Still can’t play counterstrike

A team of boffins has come up with a way of genetically engineering the DNA of mammalian cells to carry out complex computations and create biocomputers.

OK,  the technology is a long way from running your graphics card or playing counterstrike, but in a few years’ time the boffins hope the new programming techniques will help improve everything from cancer therapy to on-demand tissues that can replace worn-out body parts.

Wilson Wong, a synthetic biologist at Boston University and his team created DNA "switches" by turning human kidney cell genes on and off using scissor-like enzymes that selectively cut out snippets of DNA.

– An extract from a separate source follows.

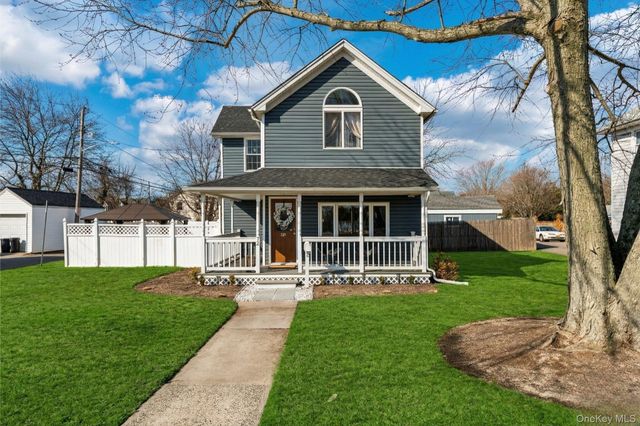 72 Waverly Avenue, Patchogue, NY 11772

These enzymes, known as DNA recombinases, recognise two target stretches of DNA, each between 30 to 50 or more base pairs long. When a recombinase finds its target DNA stretches, it cuts out any DNA in between, and stitches the severed ends of the double helix back together.

To design genetic circuits, Wong and his colleagues use the conventional cellular machinery that reads out a cell's DNA, transcribes its genes into RNA, and then translates the RNA into proteins. This normal gene-to-protein operation is started by another DNA snippet, a promoter, that sits just upstream of a gene.

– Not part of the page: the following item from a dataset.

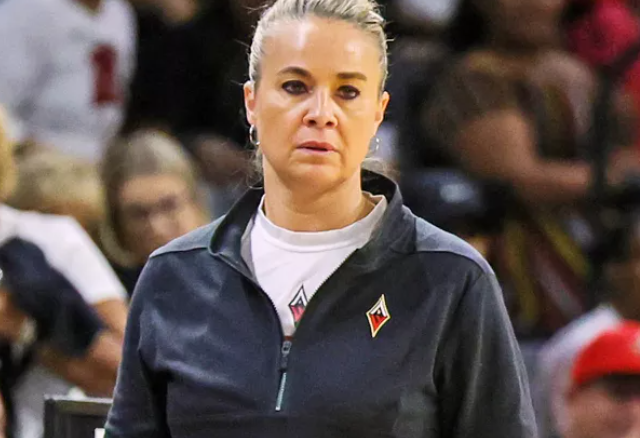 WNBA, 에이스 베키 해먼 감독 출전 정지, 임신한 선수 항의 후 드래프트 픽 철회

When a promoter is activated, a molecule called RNA polymerase gets to work, marching down the DNA strand and producing an RNA until it reaches another DNA snippet -- a termination sequence -- that tells it to stop. To make one of their simplest circuits, the team inserted four extra snippets of DNA after a promoter.

They then managed to get the NNA to light up by creating a fluorescent protein.

All, according to Nature, created 113 different circuits, with a 96.5 percent success rate.  Not a good time to trade in your AMD or Intel CPU for a big blob of DNA yet, but it may happen in your lifetime.